In realtà la nostra collaborazione con il Governo degli Stati Uniti nasce diversi anni fa. Covid Coach è solo l’ultimo progetto in ordine cronologico che abbiamo seguito insieme a Vertical per i Veterani degli Stati Uniti. Tutto è iniziato 5 anni fa. Era il 2014 e Mumble aveva poco più di un anno. Da subito ci siamo resi conto che la qualità degli ingegneri italiani non è seconda a nessuno e che, dall’altra parte del mondo, a San Francisco per la precisione, si potevano nascondere grandi opportunità. Con questa convinzione abbiamo partecipato al Silicon Valley Study Tour. Attraverso questo progetto abbiamo avuto la possibilità di volare oltreoceano e di conoscere diversi partner che erano già interessati a una collaborazione con Mumble. Tra questi c’era Giò Moraja, A.D. di Vertical, digital agency con sede a Oakland, che già all’epoca si occupava di sviluppare soluzioni mobile a supporto del benessere psicologico dei Veterani degli Stati Uniti. Dopo diversi mesi abbiamo avuto l’opportunità di sviluppare una di queste app, nello specifico PTSD Coach (PTSD sta per Posttraumatic Stress Disorder, ndr). Da lì, è iniziata una grandiosa collaborazione che prosegue tutt’ora.

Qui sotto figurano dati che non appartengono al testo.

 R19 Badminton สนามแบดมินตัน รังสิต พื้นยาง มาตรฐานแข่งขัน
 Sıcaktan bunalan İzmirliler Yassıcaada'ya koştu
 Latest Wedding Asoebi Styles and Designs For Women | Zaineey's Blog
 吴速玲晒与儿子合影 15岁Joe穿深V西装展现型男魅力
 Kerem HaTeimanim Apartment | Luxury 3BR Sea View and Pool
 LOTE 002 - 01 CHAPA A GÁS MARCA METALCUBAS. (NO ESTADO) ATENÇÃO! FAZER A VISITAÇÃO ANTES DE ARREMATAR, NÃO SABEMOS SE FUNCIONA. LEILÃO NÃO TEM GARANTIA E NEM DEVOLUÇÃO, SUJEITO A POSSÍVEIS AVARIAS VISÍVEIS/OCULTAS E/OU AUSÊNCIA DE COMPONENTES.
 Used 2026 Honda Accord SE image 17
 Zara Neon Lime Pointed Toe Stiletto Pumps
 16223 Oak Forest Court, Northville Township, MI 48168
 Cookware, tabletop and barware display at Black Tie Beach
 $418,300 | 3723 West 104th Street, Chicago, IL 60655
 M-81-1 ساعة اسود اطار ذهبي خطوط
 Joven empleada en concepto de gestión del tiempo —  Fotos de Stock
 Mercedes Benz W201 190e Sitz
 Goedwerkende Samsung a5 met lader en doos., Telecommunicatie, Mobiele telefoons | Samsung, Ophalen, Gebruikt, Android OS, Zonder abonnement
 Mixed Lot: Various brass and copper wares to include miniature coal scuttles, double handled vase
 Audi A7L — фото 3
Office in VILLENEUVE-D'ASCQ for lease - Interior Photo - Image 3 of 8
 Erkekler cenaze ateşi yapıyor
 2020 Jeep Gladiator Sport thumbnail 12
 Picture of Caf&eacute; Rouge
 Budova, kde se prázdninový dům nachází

Oltre che Covid Coach, cosa vi ha visto impegnati in questi mesi?

Oltre a Covid Coach, i nostri team sono stati e sono occupati a sviluppare altre soluzioni digitali. Molte di queste sono applicazioni web e mobile, che appartengono a due precisi settori: Mobile Marketing, ovvero soluzioni mobile sviluppate per i brand che desiderano stabilire relazioni profonde con i propri clienti; e Mental Health, cioè soluzioni mobile a supporto del benessere psicologico, proprio come può essere considerata Covid Coach. Per entrambi i settori il minimo comune denominatore è la tecnologia, che può essere adottata e applicata, come si vede, con differenti obiettivi.

Per chiudere, come sono andati i primi mesi di questo difficile 2020 e qual è la vostra visione del prossimo futuro?

Nonostante il periodo di grossa incertezza che stiamo vivendo abbiamo chiuso positivamente il primo quadrimestre, facendo segnare un +50% rispetto a quello del precedente anno. Stiamo però aspettando una possibile flessione per i prossimi mesi, dovuta allo stop di moltissime attività e quindi all’inevitabile calo dei progetti. Detto questo, non ci siamo fermati, anzi abbiamo spinto l’acceleratore sui prodotti Mumble e siamo fiduciosi che questi possano aiutarci a mantenere il trend positivo per tutto l’anno. Abbiamo tante idee, prodotti unici e una grande voglia di aiutare le aziende a crescere ed espandere il proprio business. Possiamo fare tanto insieme a loro.